Kym Worthy is responsible for turning national attention to the lack of concern on the parts of police and our communities for crimes of rape. Her efforts have received attention in national publications and her successes are promoting discussion.
She is the first woman and first African American to be appointed prosecutor in Wayne County, Michigan, which includes Detroit, the most violent city in the United States. Her office prosecutes 52% of all felonies in the state of Michigan. It has the tenth largest caseload in the country and yet its staff, due to serious cutbacks caused by the financial setbacks in Detroit, is one-quarter that of Los Angeles.
In spite of the limitations of her situation Kym Worthy has accomplished enough to earn numerous awards. Her tenacity and determination led her to successfully prosecute former Detroit mayor Kwame Kilpatrick, who is currently in prison. She has many other achievements to her credit in this position. Among them:
–In 2007, after her persistence, the Wayne County Commission, for the first time, set aside funds for the protection of witnesses.
–She created the first Elder Abuse Unit in the county.
–She developed a “Change the Culture” program to support community policing in Detroit. The first public form to discuss the program drew 3,000 citizens and leaders from the city.
She has achieved national recognition, however, for response to a happenstance. In 2009 one of Kym Worthy’s assistants discovered more than 11,000 rape kits sitting in a warehouse, unprocessed. Herself a victim of rape, one she never reported, Worthy immediately sought funding to have the kits tested. She received a $1 million federal grant to test 153 kits. Although the process is costly, and slow, the results so far have been spectacular.

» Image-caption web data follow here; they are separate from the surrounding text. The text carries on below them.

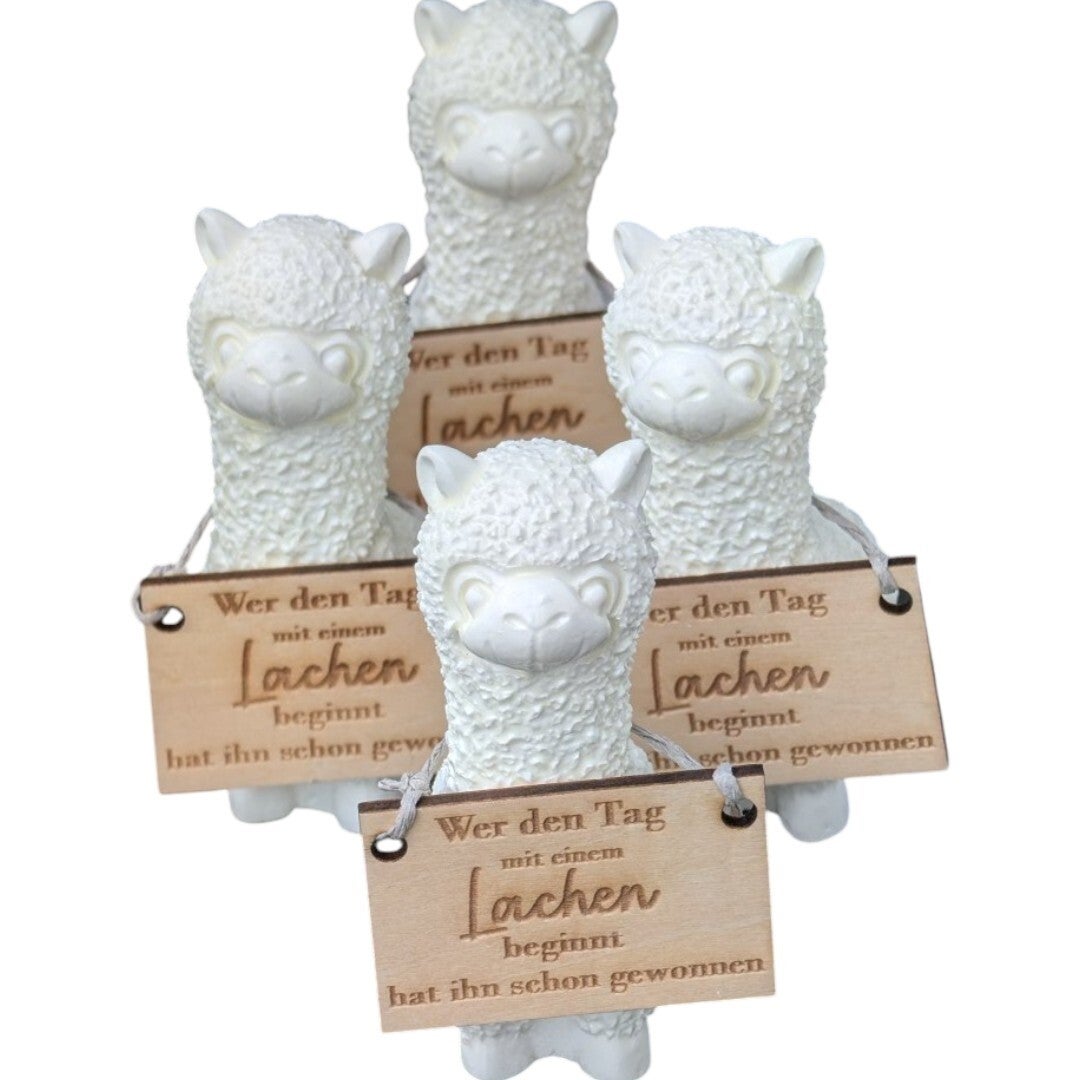 Lama mit Sprüche-Schild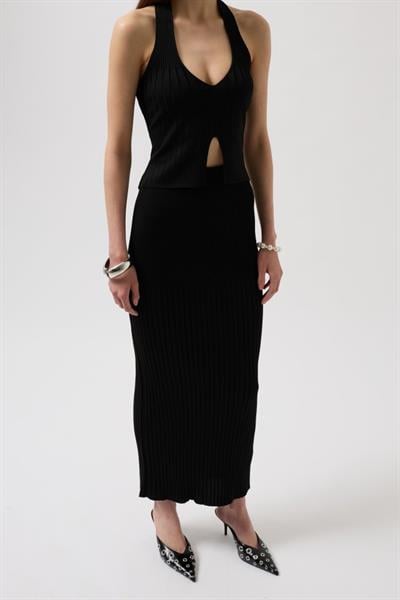 Yüksek Bel Dokulu Etek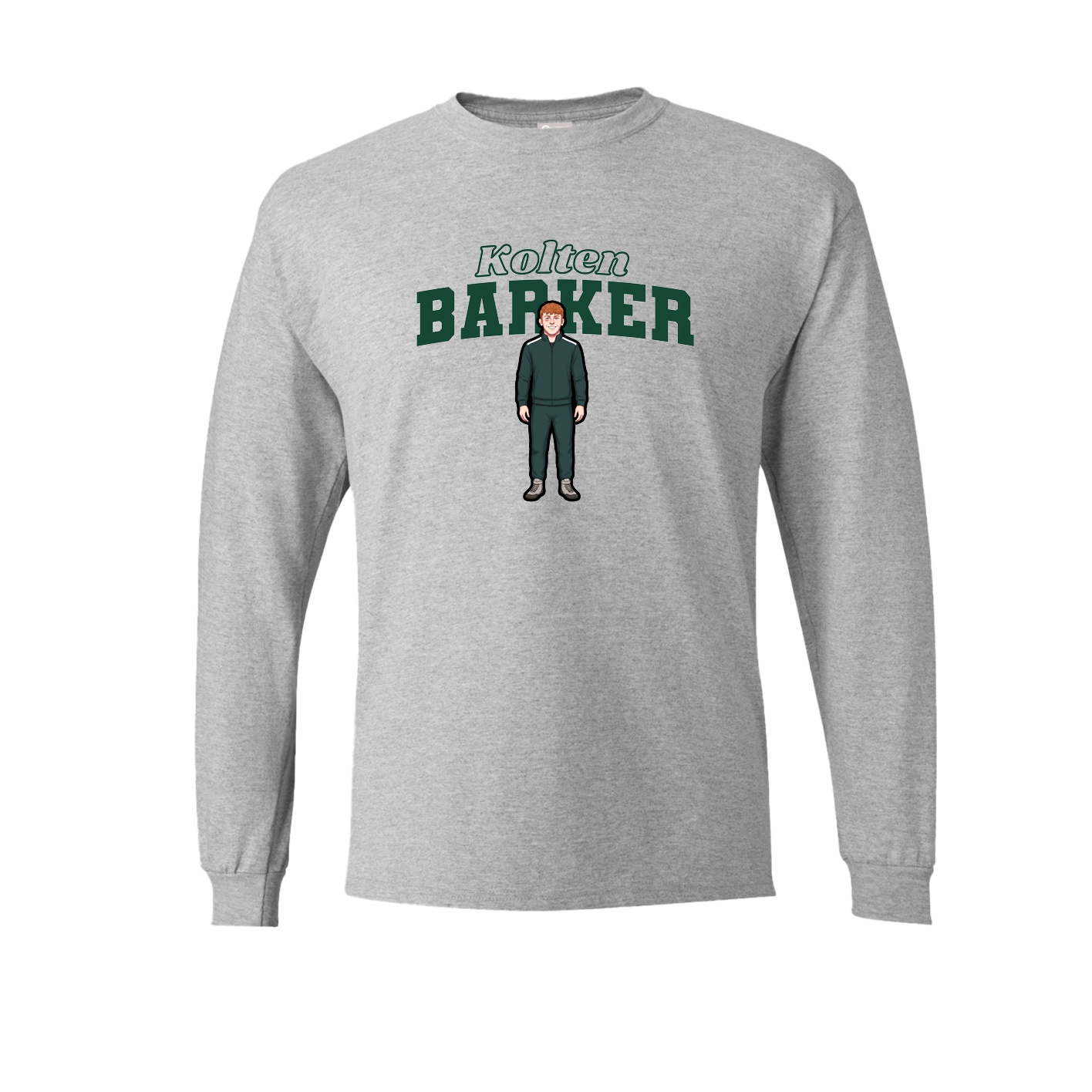 Long Sleeve Tee — Name Arch in Grey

–Of the first 153 kits processed, there were DNA matches for 38 suspects, and 20 of those were identified as serial rapists
–Of the first 1,600 kits tested, two-thirds match a crime some place in the United States, “often a rape.”
–To date 3,230 rape kits have been tested. Of these 17% were found in the FBI data bank and 15% of those were serial rapists. Over 100 serial rapists have been identified as of last month.
There may be as many as 400,000 untested rape kits in this country. Congress is currently pressuring colleges and universities to improve their support systems for rape victims. While this effort is commendable, it focuses solely on those privileged young women who can pursue higher education. What might happen if they provided funding and training to test all the rape kits that have been ignored?
Yes, in some cases, the statue of limitations has expired, but as Kym Worthy has shown, many of the perpetrators have gone on to commit other, often sexual, crimes. Testing these kits would not only lead to punishment for the crimes against women. It would remove predators to women and promote their safety, not only in colleges and universities but also in inner city neighborhoods such as those in Detroit.